Wearing earrings with bells on would be really annoying, but this is a lovely film.

VALERIE AND HER WEEK OF WONDERS. The pan-and-scanned Redemption Video DVD is pretty bad, with a ratty, fizzy-facky print, but the film still rewards viewing. In fact, the crackle, splotch and jolt have kind of bonded with my thoughts about the film itself, so that if I were ever to see a restored and pristine VALERIE I might not recognise the old girl.
Some book or other on the Czech New Wave compared the storytelling to Rivette’s fantastical films: you can tell there are RULES to the magic in these films, but you DON’ T KNOW WHAT THEY ARE. Which makes things a bit scary.


Some of this stuff reminds me of schizoid patricidal Victorian painter Richard Dadd’s work. The long lens flattens perspective to create a similar effect to Dadd’s strangely compressed planes of hot faerie action.

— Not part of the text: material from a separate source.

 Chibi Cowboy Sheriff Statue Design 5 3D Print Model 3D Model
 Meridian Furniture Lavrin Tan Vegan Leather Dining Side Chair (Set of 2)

Ran this stuff (all from ONE SCENE) past ace cinematographer Scott Ward, and we agreed that “People In Trees is THE WAY FORWARD.”


Shadowplay’s chief curmudgeon-in-residence Comrade K was less taken with the movie, as this quick email reaction suggests:
‘boy, i watched abt 20 mins of that VALERIE, and the only way i made it that far was by pretending it was SCTV’s parody of an eastern bloc film’
I suggested he was too sour to see its magic (he had just suggested the same of my failure to be enchanted by the title UNION DEPOT) and he continued:
‘man, if that’s magic for you keep me the hell away from magic! i gave it 10 shots of pigeons splashing in fountains before i bailed. likewise the nasty guy looked kind of cool the first time he removed his mask, but it lost some of its kick the 500th. the “sexual awakening” stuff was laid on w/ a hammer (oy that drop of menstrual blood on a dewy flower! and jesus, you want to know a description that, in general, will indicate, to me, a movie i won’t care for? “a magical fantasy of a young girl’s sexual awakening.” or sub out a young GUY’s or ANYONE’s). man, i just thot it was awful. let’s just say “not my sort of thing”‘
Such is the beauty and variety of human perception! We all see things differently, which allows us to have wars and stuff.
January 16, 2008 at 11:57 pm
magic is only really any good if you don’t know the rules of it. if you explain it in any more detail than the stuff in the wicker man is explained then you have FAILED AT DOING MAGIC
January 17, 2008 at 12:31 am
You can have an explanation that’s poetic rather than literal: I love Cocteau’s “explanation” of why Death uses mirrors as doorways in and out of the Land of the Dead in ORPHEE: “Mirrors are the doorways through which Deathe enters the world. If you stare into a mirror long enough, you will see Death at work.”
January 17, 2008 at 1:35 am
yeah, i was a bit hasty and shortsighted there – i think my real beef was that you often don’t get a proper sense of otherness; dream logic is a great way of explaining magic. it sounds like cocteau was talking about the aging process
January 17, 2008 at 9:34 am
Yes. It needs to be a non-explanation explanation. Cocteau’s films are full of great dream imagery and poetic connections. Rivette explains like a couple of rules per film but the rules are so arbitrary they add to the mystery. But having them allows him to wrap the story up semo-neatly, which is useful with stories as baffling as some of his.